#### [What to produce]
The response should contain only the line with "Lucy and Theron Love Match Score" and every line after it to the end of the listing below, duplicated exactly; no picture belongs in it.
* * * * * * *
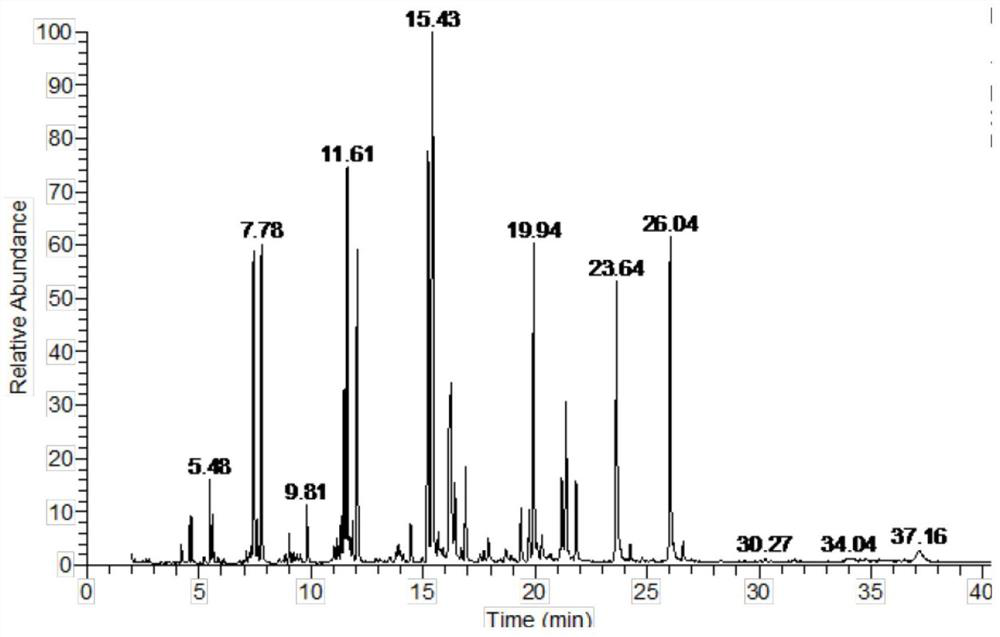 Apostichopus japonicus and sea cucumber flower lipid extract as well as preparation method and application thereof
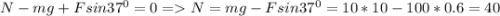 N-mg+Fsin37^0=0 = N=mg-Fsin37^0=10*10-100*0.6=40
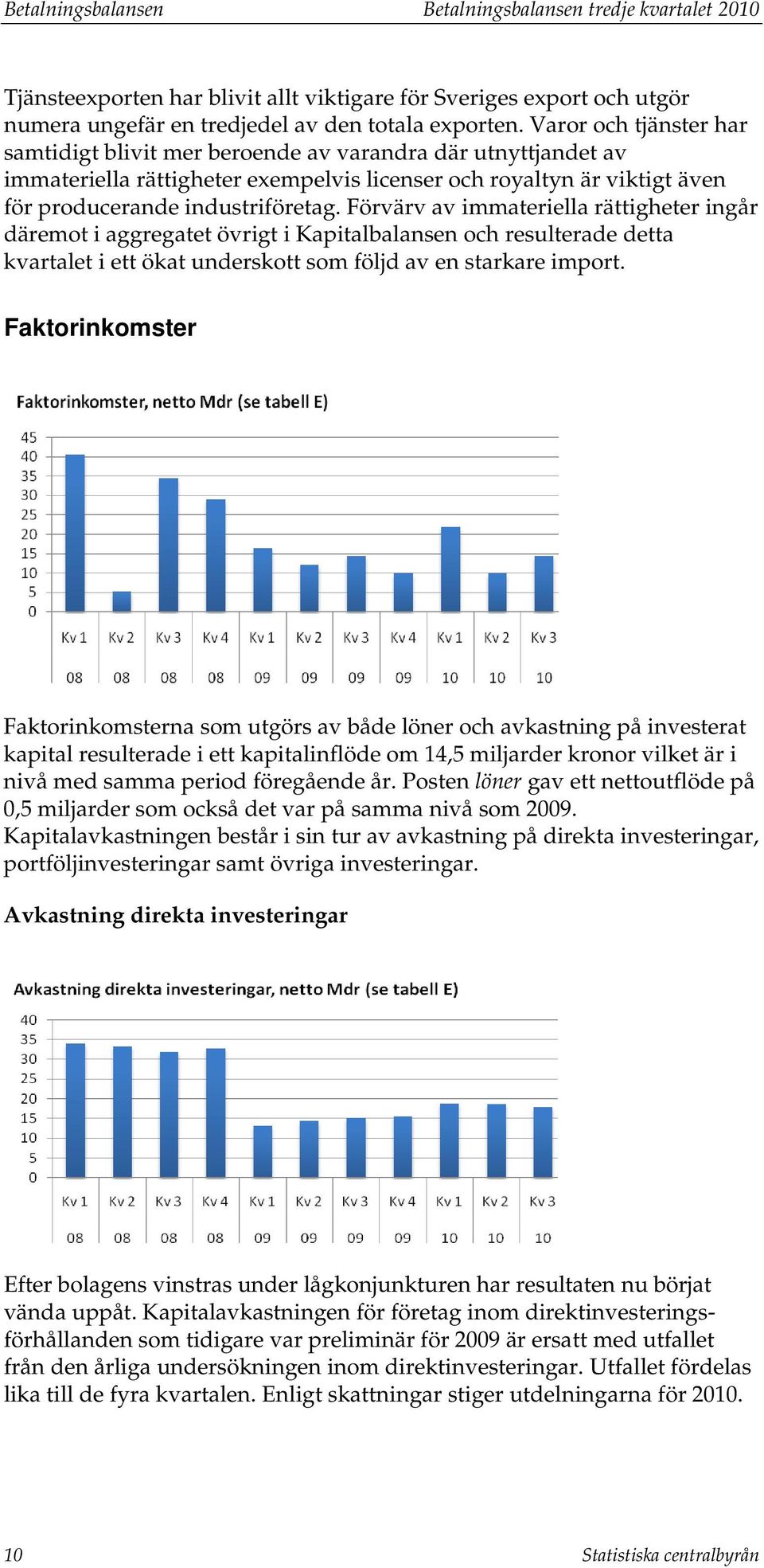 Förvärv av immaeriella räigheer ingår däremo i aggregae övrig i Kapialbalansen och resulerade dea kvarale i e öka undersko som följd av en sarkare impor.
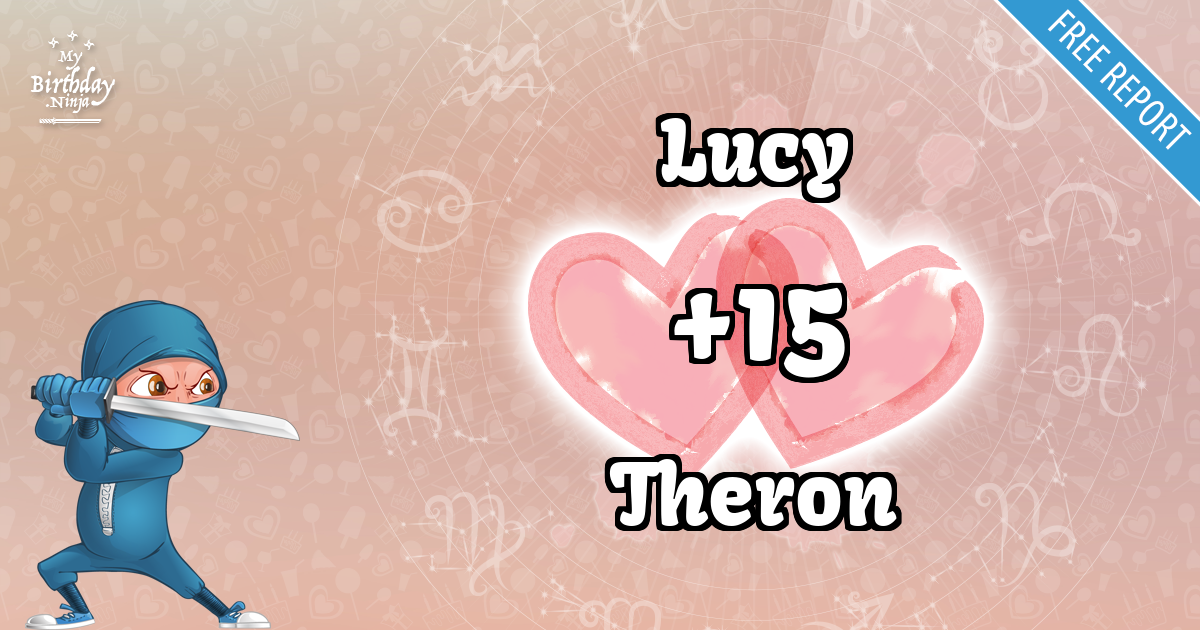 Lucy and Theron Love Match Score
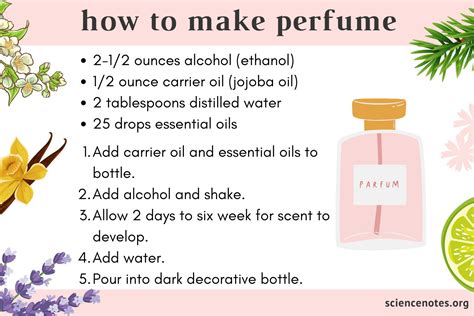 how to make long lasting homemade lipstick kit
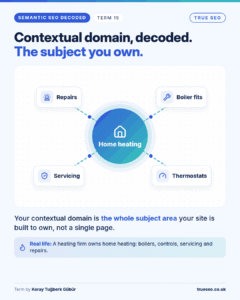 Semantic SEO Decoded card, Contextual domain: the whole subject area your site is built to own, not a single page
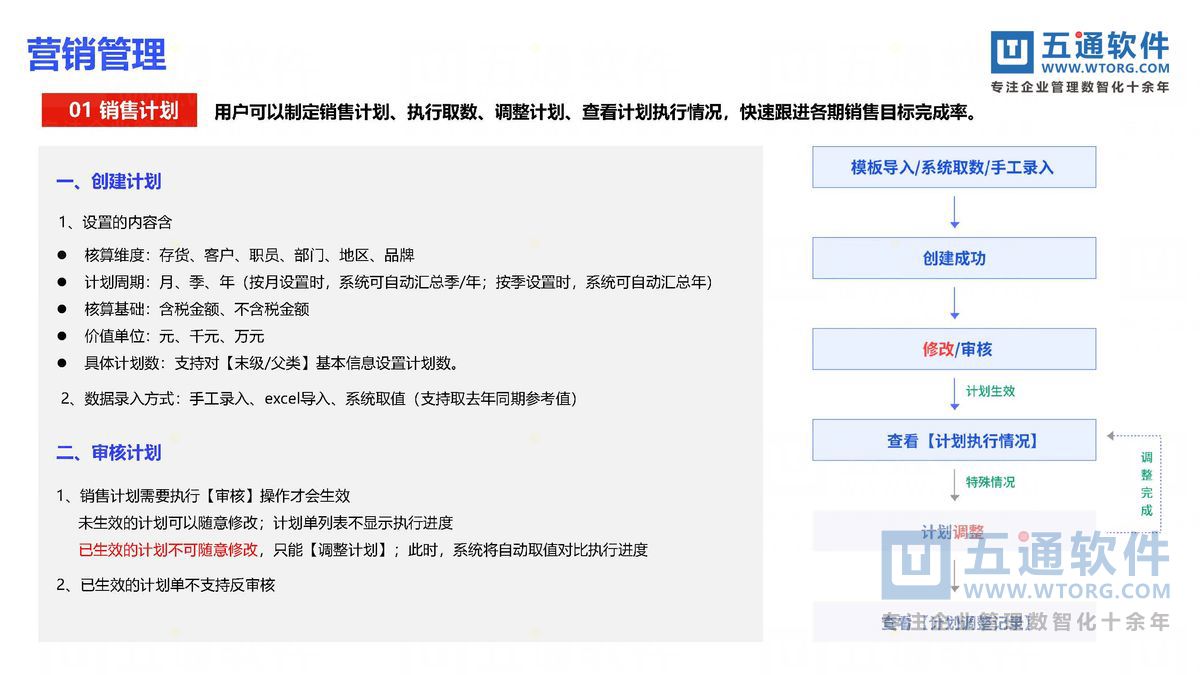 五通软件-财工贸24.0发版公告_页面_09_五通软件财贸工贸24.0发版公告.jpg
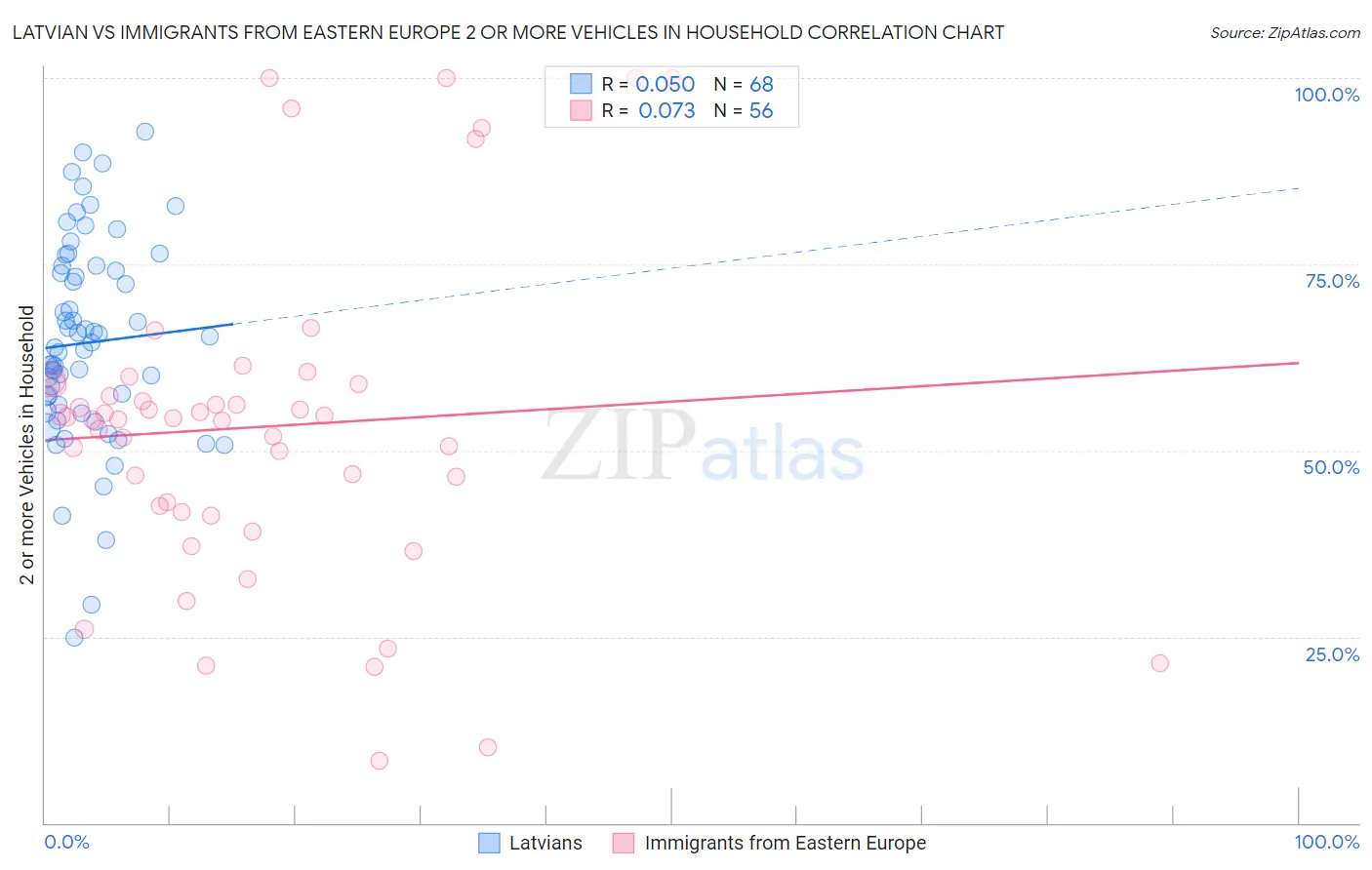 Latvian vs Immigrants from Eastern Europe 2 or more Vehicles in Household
* * * * * * *
#### [Task response]
 Lucy and Theron Love Match Score
 how to make long lasting homemade lipstick kit
 Semantic SEO Decoded card, Contextual domain: the whole subject area your site is built to own, not a single page
 五通软件-财工贸24.0发版公告_页面_09_五通软件财贸工贸24.0发版公告.jpg
 Latvian vs Immigrants from Eastern Europe 2 or more Vehicles in Household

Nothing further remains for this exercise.